アンダーカットは主に以下の2つの種類に分類されます。
- 内部アンダーカット。
- ワークピースの内部に生成される隠れた特徴です
- 例:ギアハブ内部の空洞
- 視認性が低く、工具へのアクセスが制限されるため加工が困難
- 部品の結合機能として重要な役割を果たす
- 外部アンダーカット。
- 部品の外側の表面に見える特徴です
- 例:外部の特徴がメイン表面を超えて拡張する機械部品
- 内部アンダーカットと比較して加工が比較的容易
- セットアップ手順が簡単
特殊な形状としては、T溝(T-groove)や鳩溝(ダブテール)があります。T溝は名前が示す通りT字型のアンダーカットで、水平ブレードと垂直軸が接続された形状です。鳩溝は台形または尾形を持ち、上部よりも底面が幅広になっているのが特徴です。
アンダーカットはその形状的特徴から、金型製作でもよく使われる用語となっています。型から成型品を外そうとしたときに引っかかって抜けない形状を意味するのです。
アンダーカット加工に適した特殊工具の選び方
アンダーカット加工は標準的な切削工具では達成できないため、特殊な工具が必要になります。適切な工具選びはアンダーカット加工の成功に不可欠です。
代表的なアンダーカット用特殊工具:
- スロットカッター。
- 平らな先端を持ち、より広い端で狭いシャフトという特徴
- 主にT溝などの直線的なアンダーカット加工に適している
- 標準幅範囲は3mm〜40mm
- ロリポップカッター。
- 丸い先端を持ち、より広い端で狭いシャフト
- 曲がった形のアンダーカットに最適
- 220度、300度などの様々なラップ角度で利用可能
- 剥離軸受や転がり軸受の加工にも適用
- T溝カッター。
- T字型のアンダーカットを作成するのに役立つ
- 水平ブレードと垂直軸で構成
- 機械がワークに切り込み、水平方向に切削可能
工具選択の際の重要ポイント。
- アンダーカットの深さと幅:工具の挿入深さには限界があります。より深いアンダーカットを作成する場合、工具の安定性が損なわれる可能性があるため、アンダーカット深さと工具の剛性のバランスを考慮する必要があります。

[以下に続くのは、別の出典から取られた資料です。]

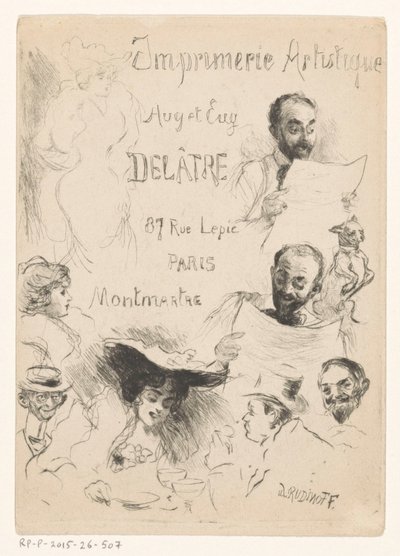 Visitekaartje van drukker Eugène Delâtre te Parijs door Willibald Wolf Rudinoff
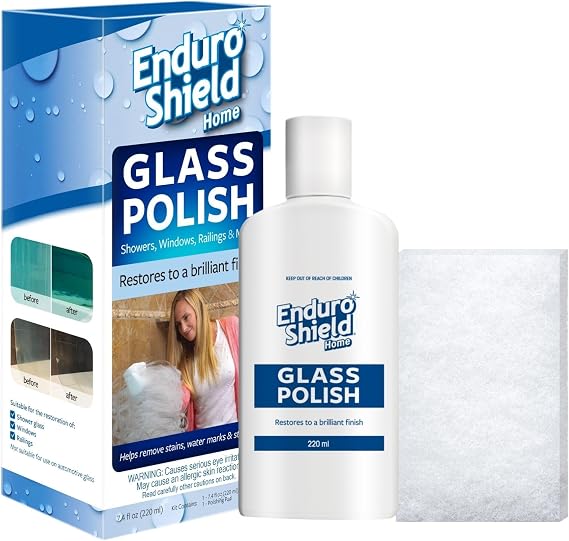 EnduroShield Shower Door Glass Polish & Hard Water Stain Remover 7.4 oz | Removes Hard Water Stains & Soap Scum | Restores Glass Clarity | Prepares Glass for Treatment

- 工具の剛性:細い首のカッターはより大きなラップ角とより多くのクリアランスを提供しますが、太い首のカッターはより小さなラップ角でより剛性と安定性を提供します。
- CAMソフトウェアの対応:スロットカッターやロリポップカッターなどの特殊工具は、多くのCAMソフトウェアが対応するためのアルゴリズムを含んでいない場合があります。手動でG-コードを使用したり、手動で機械を操作する必要がある場合があります。
- 材料との相性:加工する材料の硬さや特性によって、最適な工具は異なります。硬い材料に対しては、より高い剛性の工具が必要になることが多いです。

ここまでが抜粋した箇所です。